When Peter Cushing and Christopher Lee were paired as creator and creature in 1957's The Curse of Frankenstein, they re-invigorated gothic horror and stole the screen back from the space aliens and giant, radioactive bugs that dominated genre cinema of the 1950s. The fight scene at the end of 1958's Horror of Dracula cemented their place as an iconic horror duo. So who wouldn't want to see them bickering on a train?

This week's Thursday Thriller is Dr. Terror's House of Horrors.


This 1965 anthology film by Freddy Francis casts Cushing in the role of Dr. Schreck, a fortune teller who boards a train and reads tarot cards for his fellow passengers.
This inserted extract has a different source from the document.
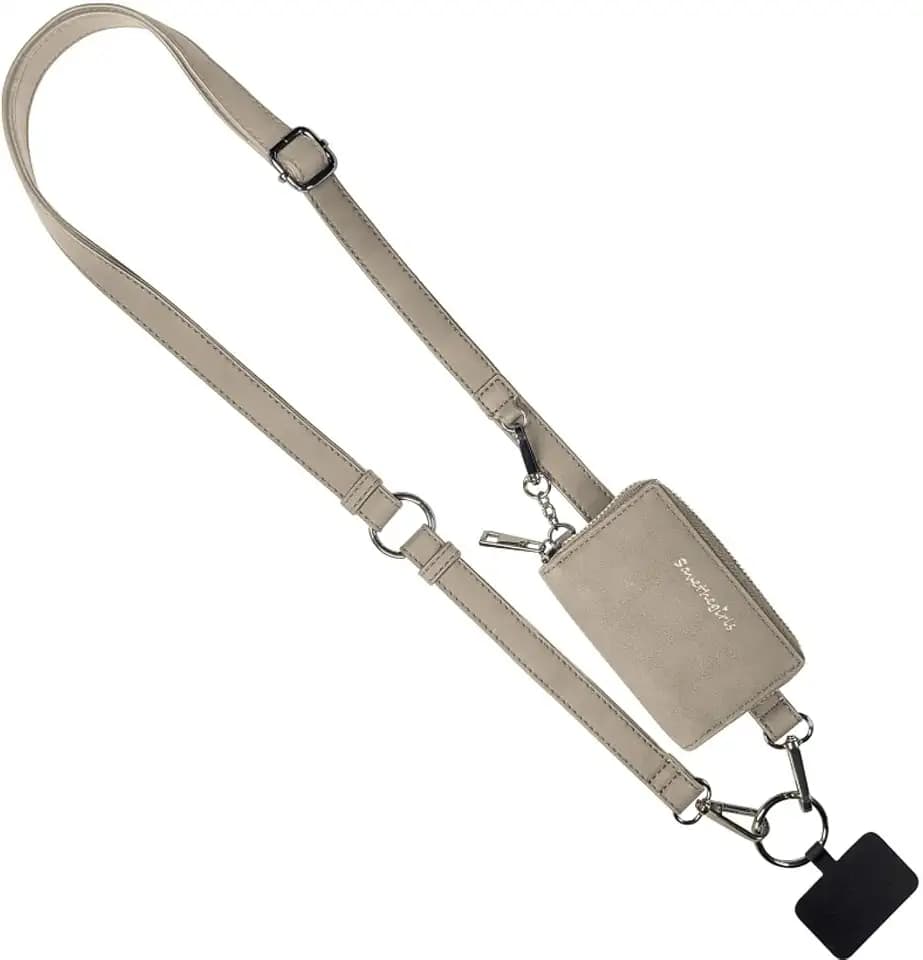 Save the Girls Clip and Go Brushed Vegan Phone Lanyard - Crossbody Phone Case with Pouch, Adjustable and Removable Strap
Four cards lay out their destinies, and the fifth card tells how they can escape their fate. In each case, the answer is same -- death.

The first two fortunes include an OK werewolf story and a silly bit about a killer plant. They serve as decent warm-ups for the rest of the movie.
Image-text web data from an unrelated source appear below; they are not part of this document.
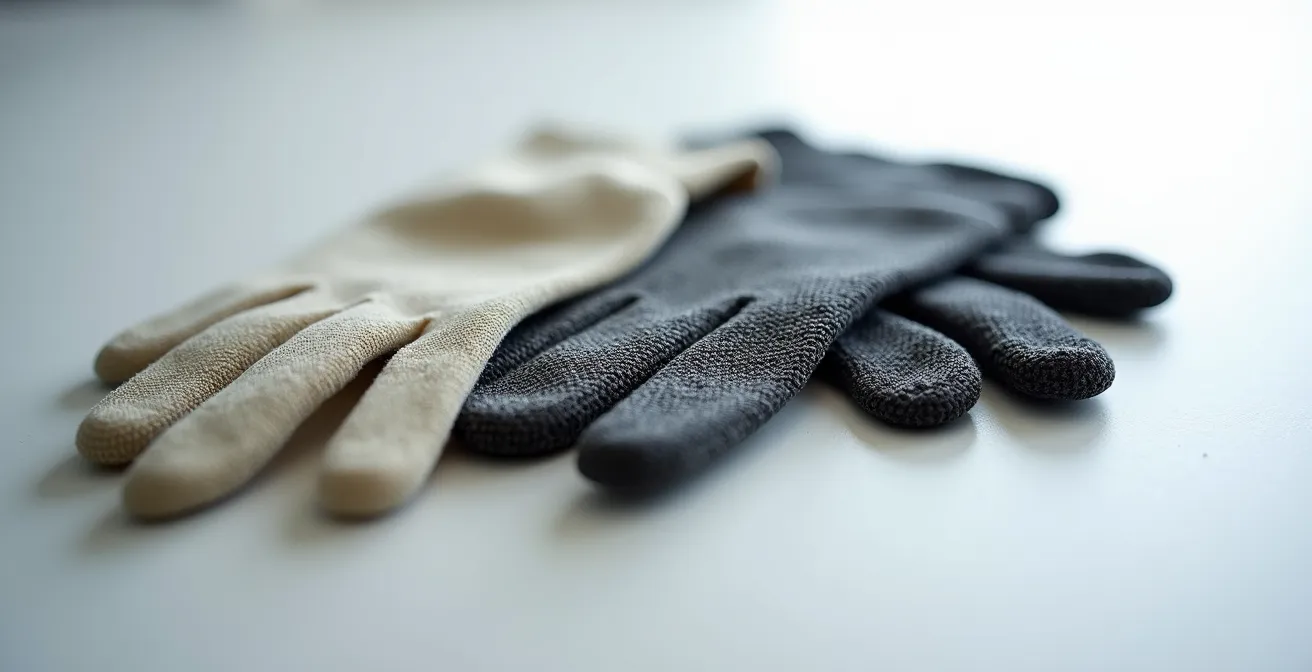 Différentes textures de matériaux de gants disposés en progression visuelle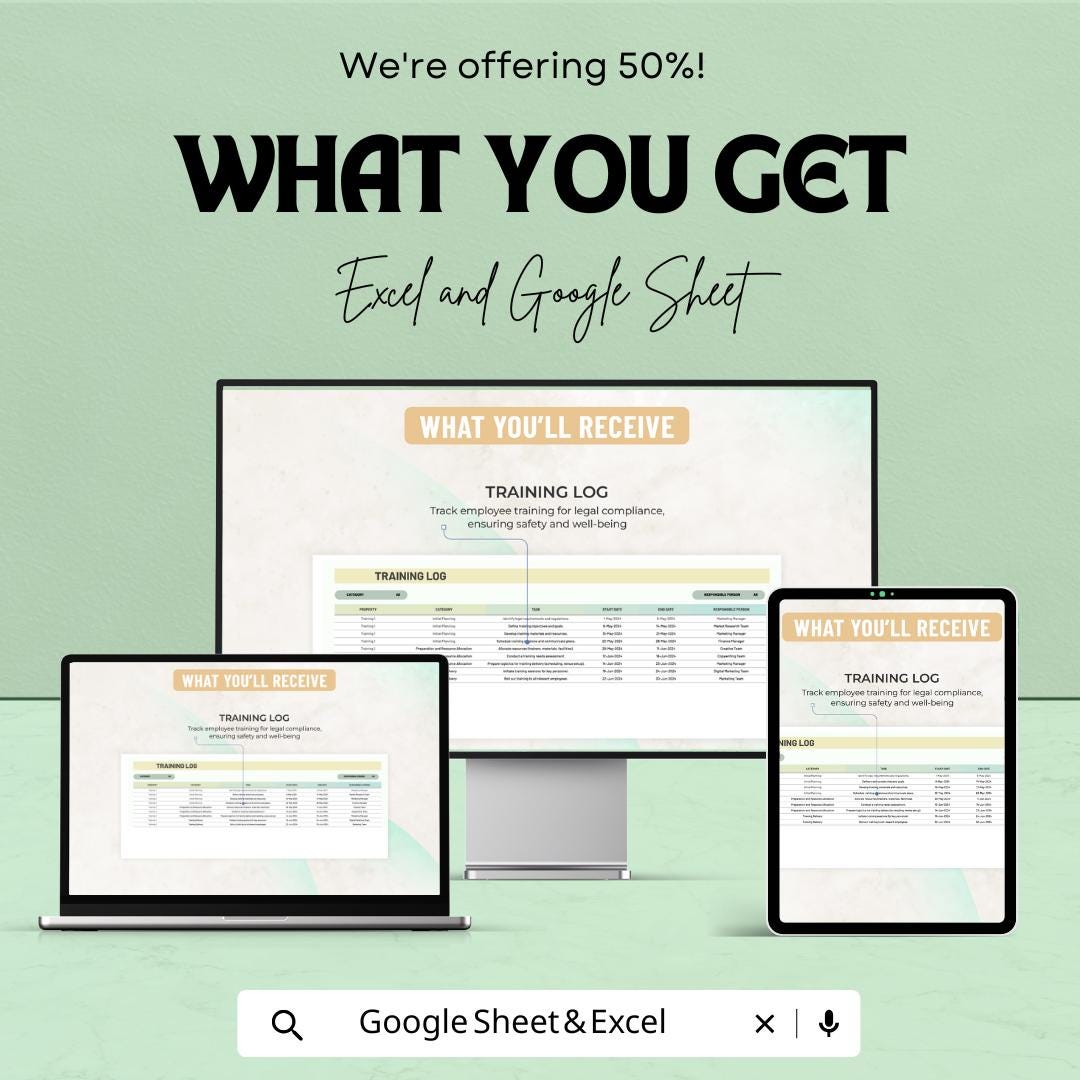 Health and Safety Legal Compliance Training Timeline Sheet | Google Sheets Template | Employee Safety & Training Tracker | Instant Download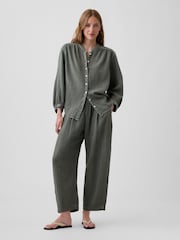 Gap Green Cotton Gauze Oversized Collarless Shirt - Image 3 of 4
The third story stars Ray Castle as jazz musician Biff Bailey, who takes a trip to the West Indies to do a little cultural appropriation. Despite a voodoo priest's warning not to steal the sacred music of the local deity, Bailey does it anyway, and who can blame him? It really swings, man! It's a fun piece with some cool music and I liked it even though Bailey's comeuppance wasn't as bloody as I might have hoped for.



Lee plays haughty, skeptical art critic Franklyn Marsh who spends most of his time during the framing story flapping his newspaper and warning the other guys on the train that Dr. Schreck is an obvious fraud. He eventually acquiesces to Schreck's offer of a reading, if only to prove he isn't afraid.
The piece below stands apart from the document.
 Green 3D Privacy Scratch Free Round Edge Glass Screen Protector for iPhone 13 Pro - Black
In his fortune, we see Marsh heaping scorn on the work of painter Eric Landor (Michael Gough). Landor gets his revenge by tricking Marsh into praising a painting by a chimpanzee. Humiliated, his reputation in ruin, Marsh takes the first opportunity to run over Landor with his car. Landor loses his hand and can never paint again. Despondent, he commits suicide, but his severed hand lives on to haunt Marsh. It's probably the most satisfying bit of the film, but it ain't over yet.


The fifth and final story finds a young Donald Sutherland playing Dr. Bob Carroll, who just moved to a new town with his hot French wife Nicole (Jennifer Jayne) and has to come to terms with mounting evidence that she is a vampire.


It would be my favorite story of the set, except for the bat. Had technology not yet advanced enough to give filmmakers a halfway convincing rubber bat by 1965? Seems like something someone would have worked on since 1896. I can't remember ever having seen a good one, but I guess it's something I'll have to look out for from now on.

Dr. Terror's House of Horrors is not a perfect movie, more silly than scary, but I did enjoy it, stupid bats and all.